Acetylation and deacetylation of histones caused by histone acetyltransferases and histone deacetylases play important roles in transcriptional regulation of gene expression [4]. Various HDAC inhibitors that affect the acetylation–deacetylation balance have been found to inhibit cell proliferation, arrest cell cycle progression, induce apoptosis in cultured cells, and inhibit tumour growth in model animals. HDAC inhibitors are thus expected as a new class of anti-cancer agents. HDAC inhibitors have also recently been identified as potential anti-arthritic agents. In RA synovial fibroblasts (RASFs), HDAC inhibitors such as trichostatin A (TSA) and FK228 inhibited cell proliferation and induced apoptosis. In animal models of RA, HDAC inhibitors have inhibited joint swelling, synovial inflammation and subsequent bone and cartilage destruction [5–8]. In addition, HDAC inhibitors not only induced the expression of the cell cycle regulators p21^WAF1/Cip1 and p16^INK4a, but also inhibited the expression of TNF- and IL-1β in affected synovial tissue [8]. These results indicate the potential utility of HDAC inhibitors as anti-rheumatic agents.

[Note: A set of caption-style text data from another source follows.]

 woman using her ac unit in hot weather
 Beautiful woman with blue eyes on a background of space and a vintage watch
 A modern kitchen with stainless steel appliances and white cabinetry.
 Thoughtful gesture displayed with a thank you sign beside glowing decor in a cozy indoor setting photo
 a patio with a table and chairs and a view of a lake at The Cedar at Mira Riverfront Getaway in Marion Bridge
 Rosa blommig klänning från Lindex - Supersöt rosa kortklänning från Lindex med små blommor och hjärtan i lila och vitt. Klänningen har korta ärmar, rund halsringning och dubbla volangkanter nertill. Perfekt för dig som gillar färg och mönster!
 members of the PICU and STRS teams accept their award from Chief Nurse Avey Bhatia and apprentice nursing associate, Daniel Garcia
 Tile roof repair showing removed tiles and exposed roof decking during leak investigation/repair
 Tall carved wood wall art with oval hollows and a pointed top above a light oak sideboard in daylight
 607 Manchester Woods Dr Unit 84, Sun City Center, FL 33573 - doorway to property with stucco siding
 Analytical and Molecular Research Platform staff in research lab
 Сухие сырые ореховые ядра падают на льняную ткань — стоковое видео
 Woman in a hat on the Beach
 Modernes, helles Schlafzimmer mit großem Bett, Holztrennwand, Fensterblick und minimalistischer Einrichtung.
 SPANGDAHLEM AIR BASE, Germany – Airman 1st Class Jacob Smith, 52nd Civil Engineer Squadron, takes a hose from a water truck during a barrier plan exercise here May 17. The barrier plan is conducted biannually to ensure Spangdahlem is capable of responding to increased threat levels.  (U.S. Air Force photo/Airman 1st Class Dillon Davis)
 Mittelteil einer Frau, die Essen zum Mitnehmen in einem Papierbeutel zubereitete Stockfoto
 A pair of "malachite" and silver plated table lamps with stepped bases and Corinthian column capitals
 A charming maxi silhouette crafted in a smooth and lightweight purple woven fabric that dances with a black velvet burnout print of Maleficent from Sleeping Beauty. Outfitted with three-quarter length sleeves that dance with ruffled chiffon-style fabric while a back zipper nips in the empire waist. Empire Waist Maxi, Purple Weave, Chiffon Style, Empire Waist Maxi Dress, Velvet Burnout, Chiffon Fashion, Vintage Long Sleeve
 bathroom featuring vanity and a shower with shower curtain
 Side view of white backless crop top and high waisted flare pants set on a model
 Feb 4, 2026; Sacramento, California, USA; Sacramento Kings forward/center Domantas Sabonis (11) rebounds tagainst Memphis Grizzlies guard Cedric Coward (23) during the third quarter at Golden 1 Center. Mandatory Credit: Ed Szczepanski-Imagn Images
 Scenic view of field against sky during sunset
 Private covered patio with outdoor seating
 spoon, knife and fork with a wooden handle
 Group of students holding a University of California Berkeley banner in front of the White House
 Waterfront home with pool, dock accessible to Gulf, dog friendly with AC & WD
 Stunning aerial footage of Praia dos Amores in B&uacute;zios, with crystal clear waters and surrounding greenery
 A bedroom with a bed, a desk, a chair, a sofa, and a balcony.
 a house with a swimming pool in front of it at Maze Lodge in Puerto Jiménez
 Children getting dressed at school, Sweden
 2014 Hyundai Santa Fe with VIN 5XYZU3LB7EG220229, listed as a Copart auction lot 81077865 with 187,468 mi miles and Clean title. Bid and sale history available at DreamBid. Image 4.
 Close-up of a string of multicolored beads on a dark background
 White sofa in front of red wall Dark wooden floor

Ultrasound (US) has been widely used for diagnosis and therapy in clinical fields. Biophysical modes of ultrasonic action are classified as thermal and non-thermal effects. While high-intensity-focused US has been used for tissue ablation due to thermal effects, low-intensity pulsed US has been used for healing of fractures due to non-thermal effects. Non-thermal effects are further classified as cavitational and non-cavitational effects, and ultrasonic cavitation induces a variety of reversible and non-reversible biological effects. One such effect is an increase in the permeability and formation of transient pores in cell membranes facilitating the uptake of various low molecular weight substances, which is known as ‘sonoporation’ [9]. Although US alone increases cell permeability, presence of echo contrast microbubble agents that act as cavitation nuclei further increases the transfection efficiency of US [10, 11]. Ultrasonic cavitation and the collapse of microbubbles produce high-velocity fluid microjets that penetrate cell membranes, leading to reversible permeabilization and increased intracellular uptake of molecules [12]. Thus, US combined with echo contrast microbubble agent can be utilized to enhance uptake of gene constructs or drugs into targeted tissues, such as the heart, pancreas, skeletal muscle and synovial tissue [13–16]. In addition, certain level of US is also known to induce a gene-regulated cell death and apoptosis, and affects the expression of various genes [17, 18]. US thus appears to be a useful tool for enhancing the regional effects of drugs, since application of US is relatively simple for the targeted area.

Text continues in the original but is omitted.